The problem then is not with form criticism per se but with the undefended assumption that the Gospels witness primarily to the life situation of the church at some later stage of its history and only secondarily to the historical Jesus...
Instead of assuming that the early church fabricated stories about Jesus to help it deal with its problems, it makes better sense to assume that considerations about practical relevance led the church to preserve statements originally made by Jesus.
A pivotal issue in the debate concerns proper placement of the burden of proof.
The skeptics argue that the burden of proof rests on those who regard the sources as authentic.
But as New Testament authority Joachim Jeremias asks, "Why should the burden of proof not fall on the skeptic?"


As easy as it may be to notice theological interests at work in the Gospels, it requires a whole set of additional presuppositions
to conclude that the Evangelists produced only imaginative interpretations of Jesus with loose or even nonexistent historical ties. As Stephen S. Smalley points out, the radical claim that there is not connection between the Christ of faith and the Jesus of history presupposes: "that the evangelists themselves were unaware of the distinction betweeen history and faith, and were prepared to disregard the former completely in the interests of the latter."
In other words, redaction criticism and form criticsm are not necessarily incompatible with either a high view of scripture or the conviction that the New Testament picture of Jesus is grounded on historical information.

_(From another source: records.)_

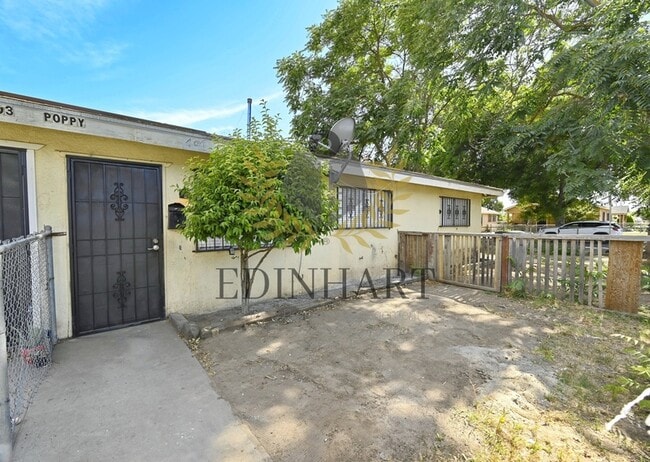 Building Photo - 2303 S Poppy Ave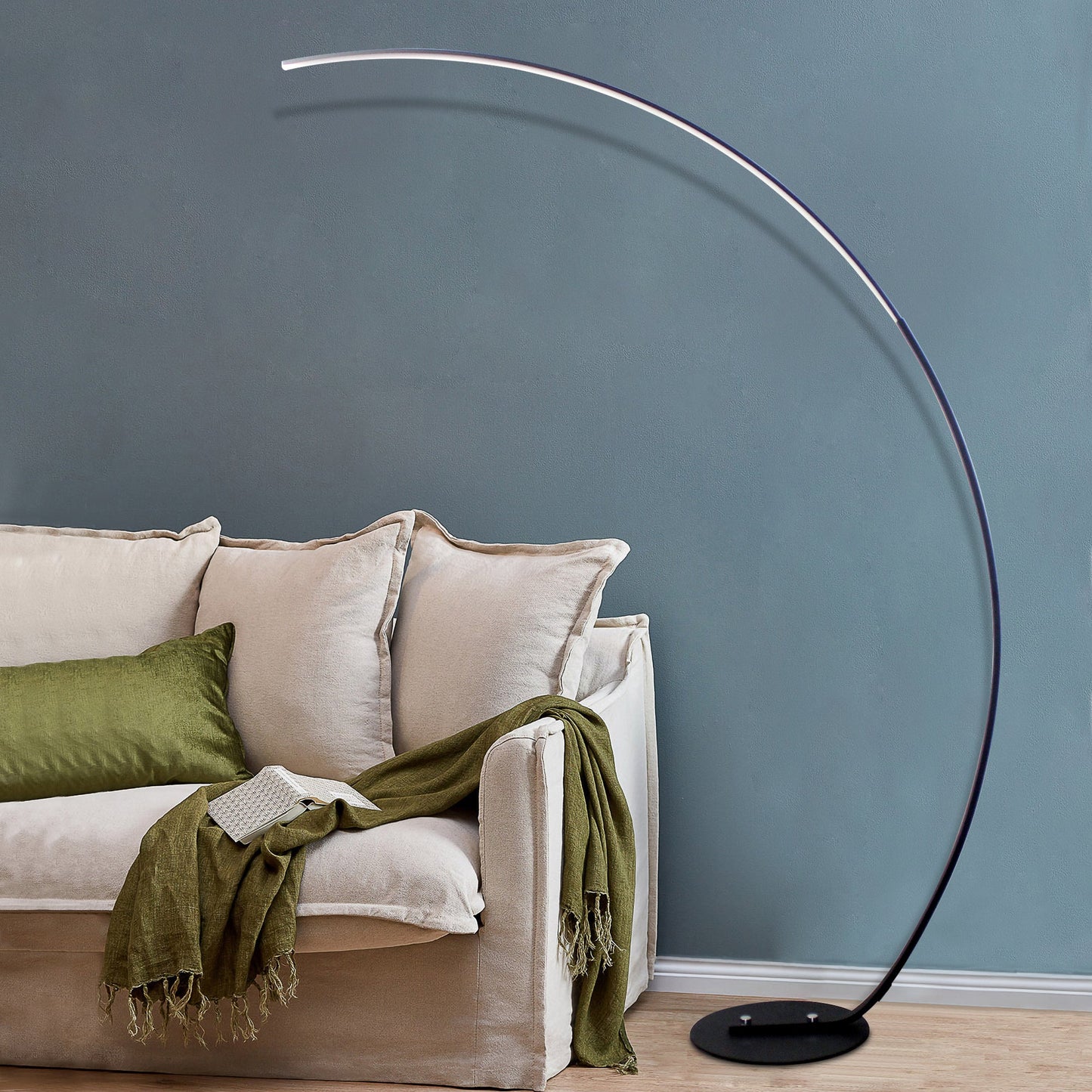 Slimline RGB Standing Lamp – Mood Lighting Masterpiece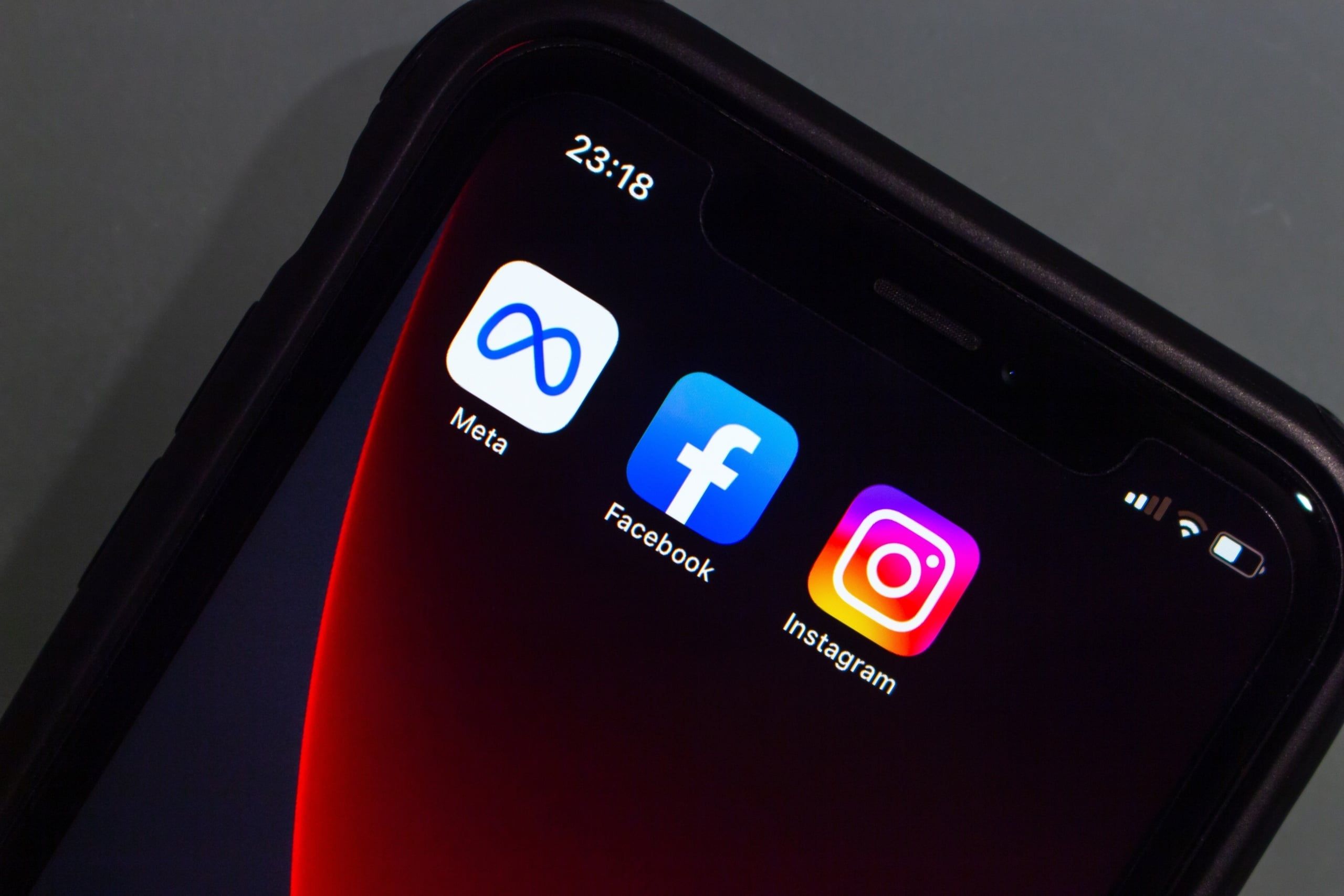 Meta, Facebook, Instagram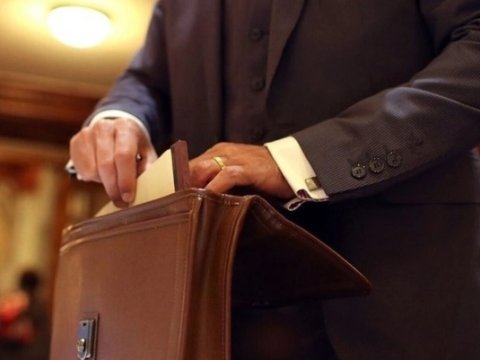 Dövlət qurumlarında kimlər işdən çıxarılır - SİYAHI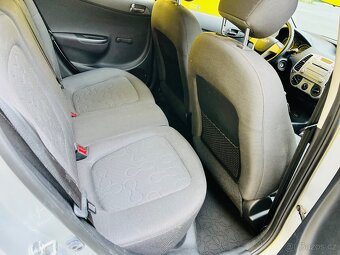 HYUNDAI i 20 1.2 i BENZÍN 57 kW NAJETO JEN 92 TIS KM - 16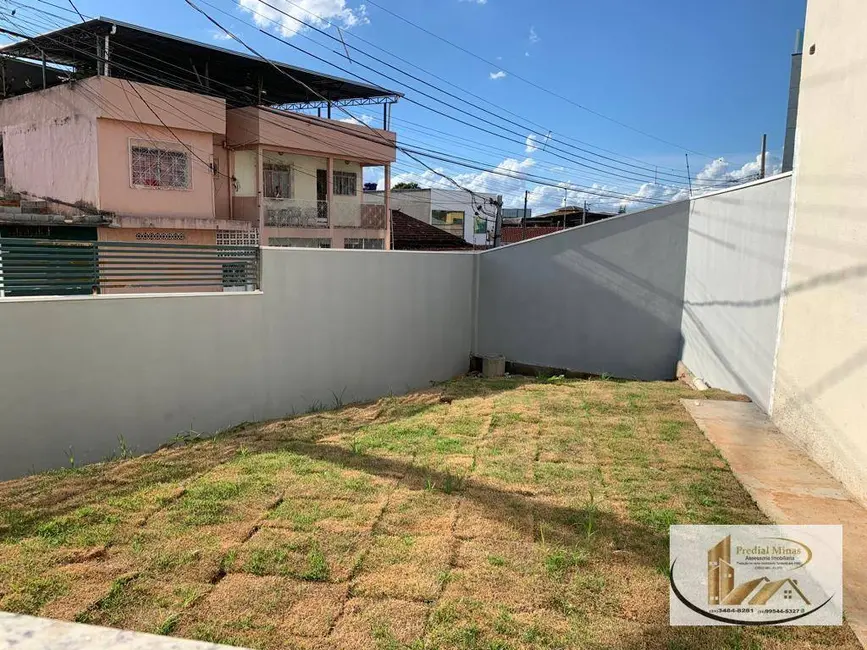 Foto 4 de Casa com 3 quartos à venda, 90m2 em Rio Branco, Belo Horizonte - MG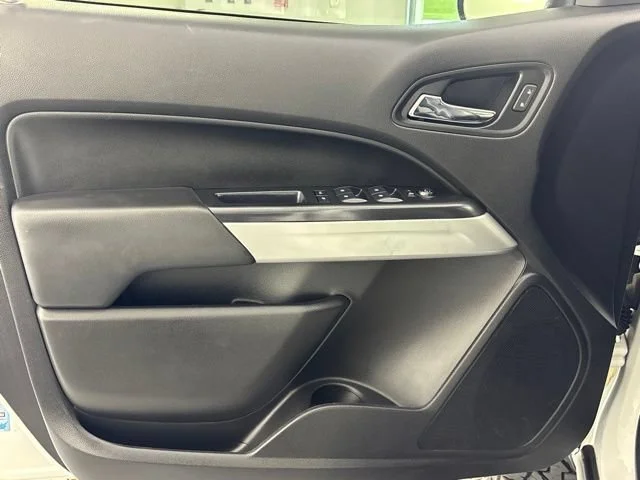 Used 2019 Summit White Chevrolet 4WD ZR2 image 17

Conservative use of redaction criticism suggests that the Evangelists started with the historical information available to them and "drew out the theological implications of history which they recorded." Starting with the apostolic tradition about Jesus, the Evangelists expressed their own theological understanding of the tradition by the arrangement of their Gospels and by the seams that tied the various units of tradition to one another. Used with care, redaction criticism provides students of the New Testament with several advantages. It can help them see the interrelationship between faith and history in the early Christian community. The Gospel writers were not interested in recording bare facts. The Gospels reflect their writers' interaction with and theological interpretation of studying the Gospels as wholes... Redaction criticism can help identify what the Gospel writers themselves contributed to their source material.

But many redaction critics perform highly conjectural and subjective analysis. Redaction criticism should not imply the creation of new material.


According to Migeuz-Bonino, the Word of God should not be understood "as a conceptual communication but as a creative event, a history-making pronouncement. Its truth does not consist in some correspondence to any idea but in its efficacy to carrying out God's promise or fulfilling his judgement." Theologically liberal Protestants realized they could make Christian communities much more pliable to their imaginative, subjective reconstructions of Christian belief if they could dissuade the people in the pew from the old idea that divine revelation was in any sense some "conceptual communication". Interpret the Word of God in any way you like, as inward personal experience or as "creative event" perhaps, but never as a communication of truth! Over the past two hundred years, much non-orthodox theology has tried to deny Christians any acces to divinely inspired truth. ...
Whatever else religion can and possibily should be, it can never [in this view] be grounded on revealed information from God. The consequences of this are far reaching. For one thing, it explains the tendency in so much contemporary Christendom to equate Christian religion with whatever "Christians" happen to believe or practice at the moment. Since there is no divinely revealed truth, we may believe whatever we want.